● Your task
Look below for the line that contains "Stroll Through The Garden 1890", then quote it and all the lines after it, exactly, with the pictures left out.

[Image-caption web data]
◇ ◇ ◇ ◇

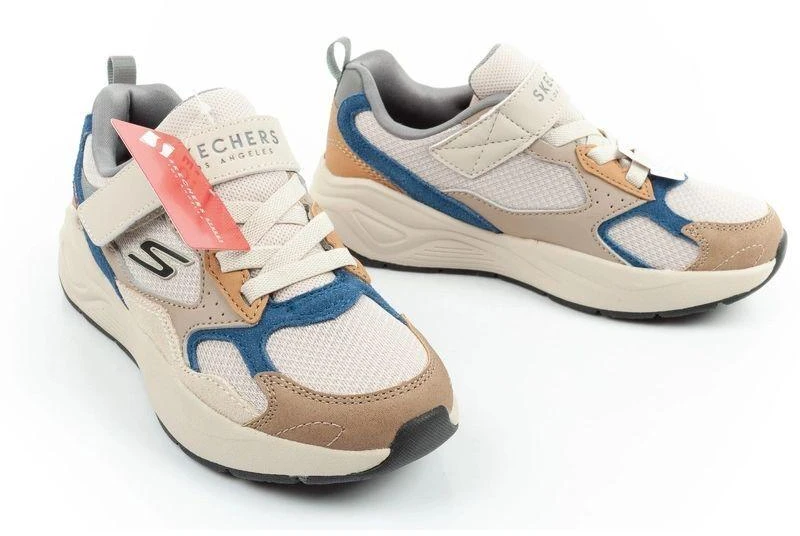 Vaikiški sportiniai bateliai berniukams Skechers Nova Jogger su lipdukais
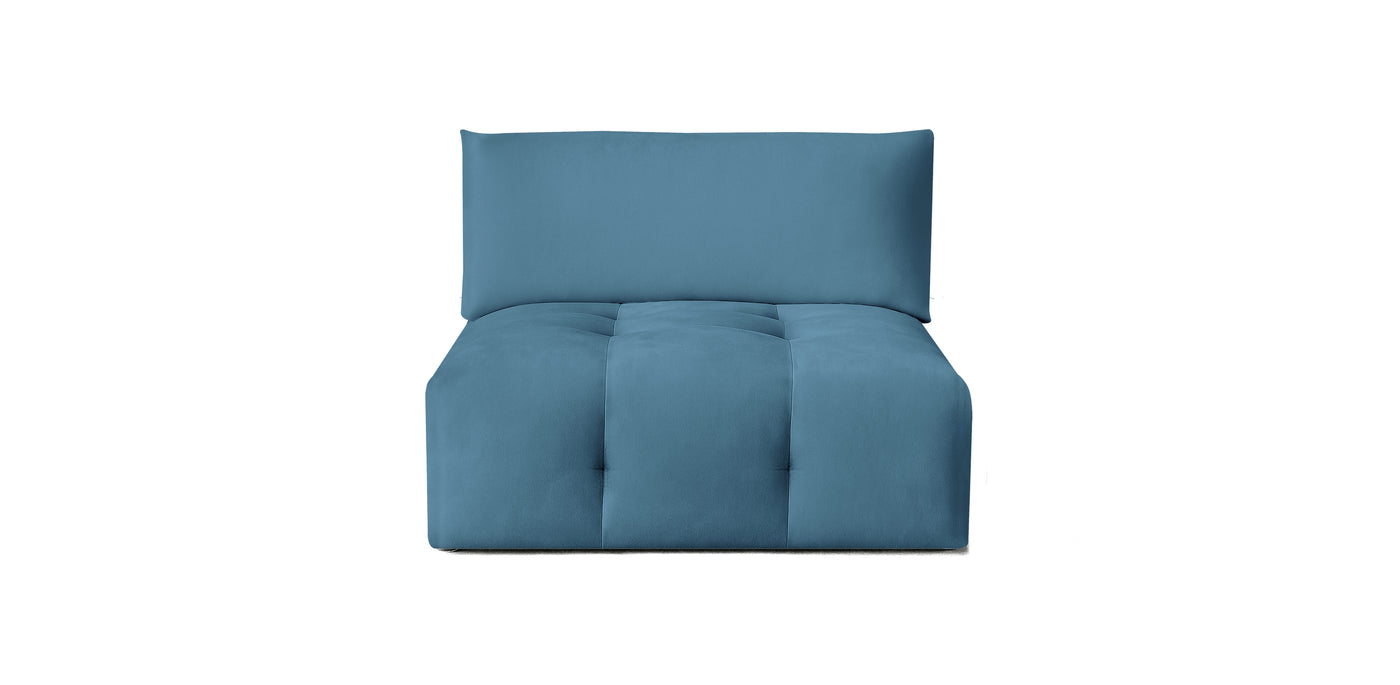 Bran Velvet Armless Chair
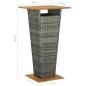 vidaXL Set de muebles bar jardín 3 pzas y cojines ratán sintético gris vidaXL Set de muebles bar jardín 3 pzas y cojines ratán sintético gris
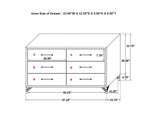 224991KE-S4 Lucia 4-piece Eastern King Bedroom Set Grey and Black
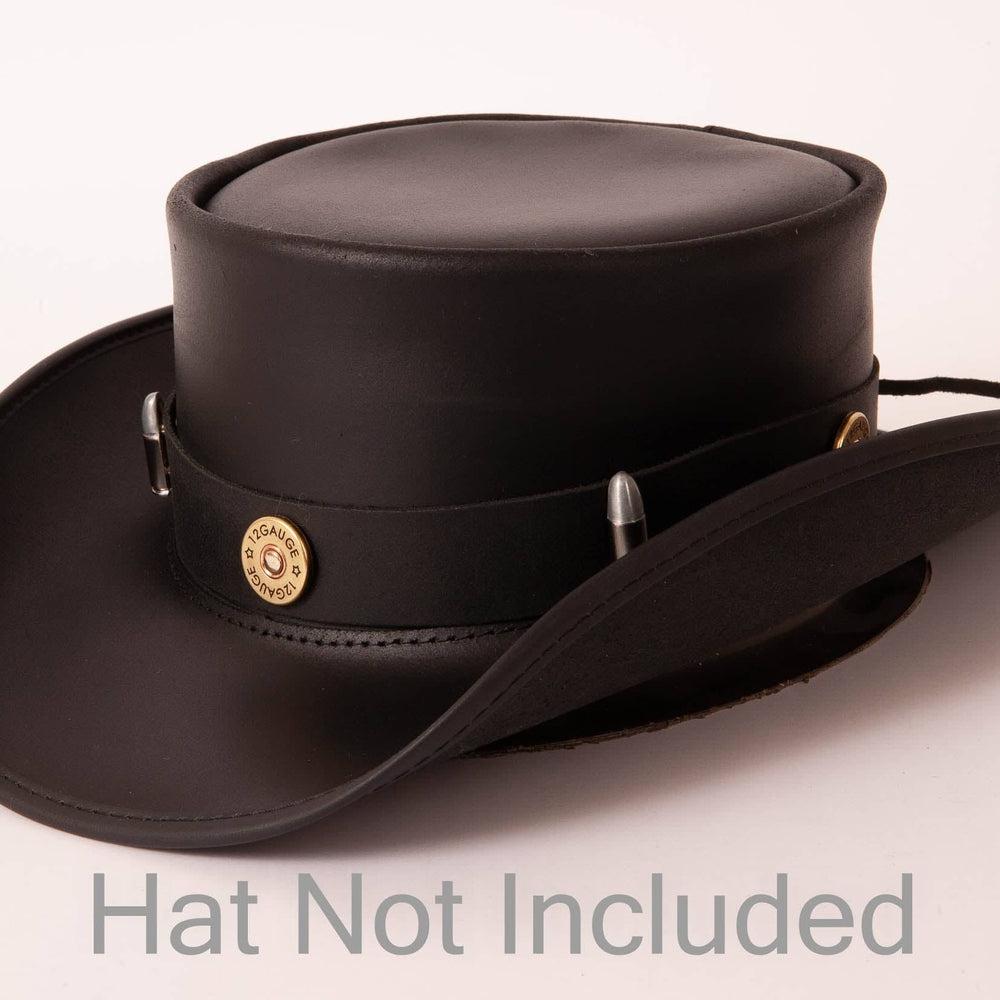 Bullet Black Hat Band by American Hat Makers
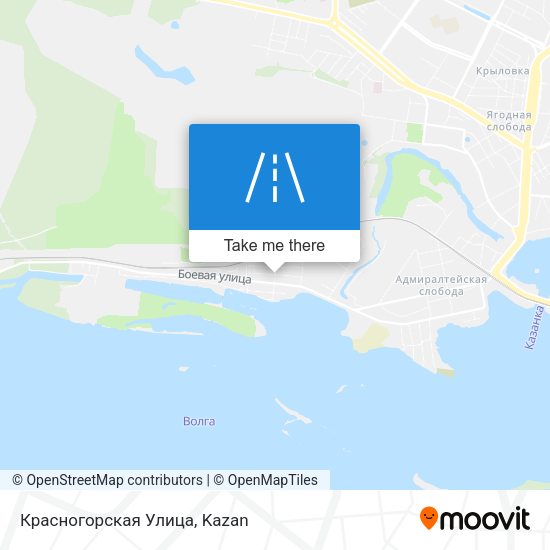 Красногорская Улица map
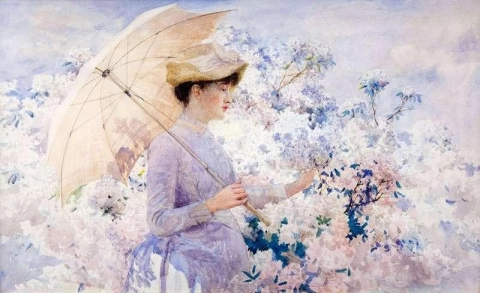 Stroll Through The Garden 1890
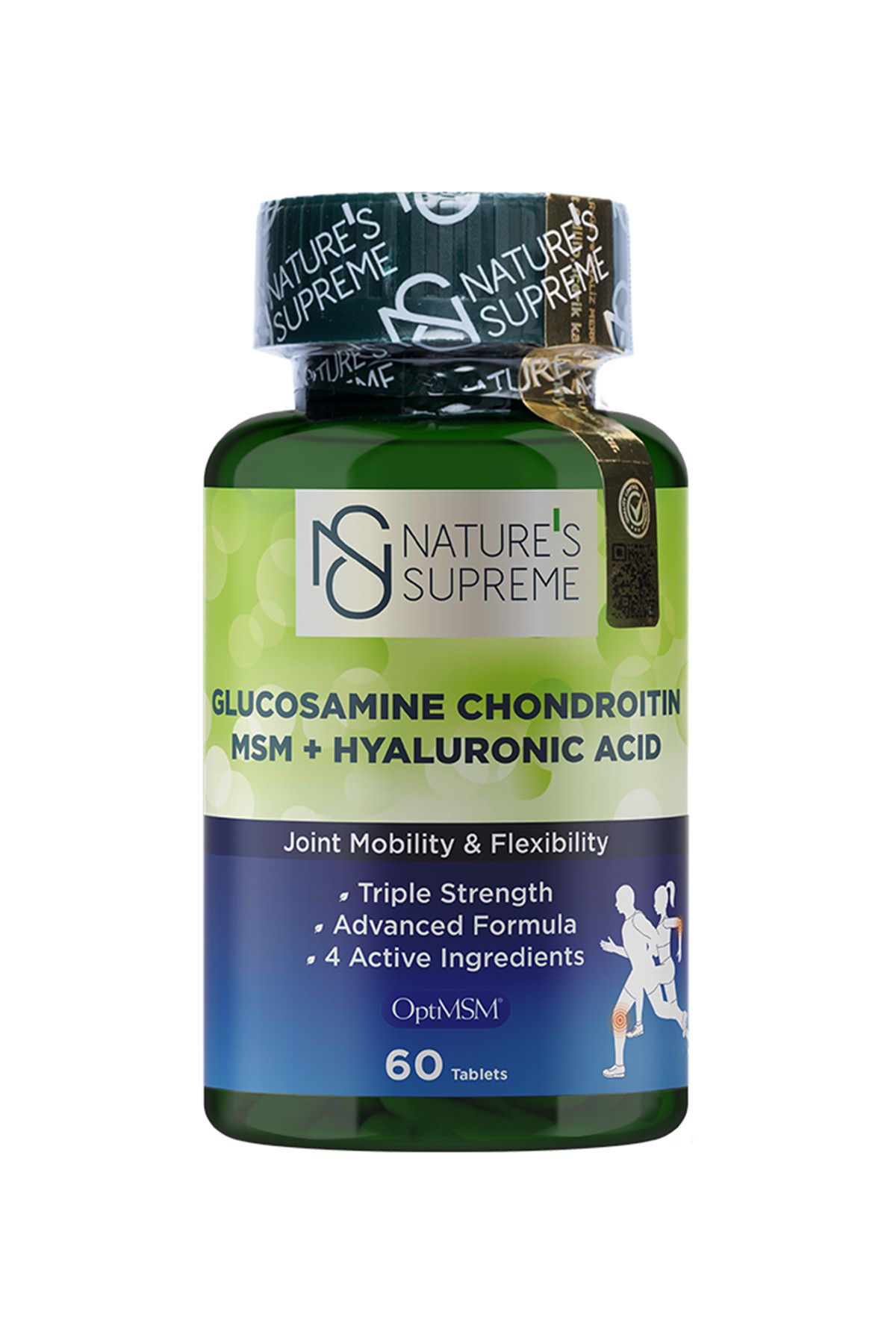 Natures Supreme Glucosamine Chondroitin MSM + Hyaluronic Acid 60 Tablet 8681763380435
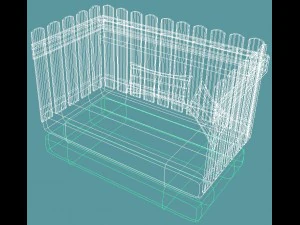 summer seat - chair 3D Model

◇ ◇ ◇ ◇

● Response
 Stroll Through The Garden 1890
 Natures Supreme Glucosamine Chondroitin MSM + Hyaluronic Acid 60 Tablet 8681763380435
 summer seat - chair 3D Model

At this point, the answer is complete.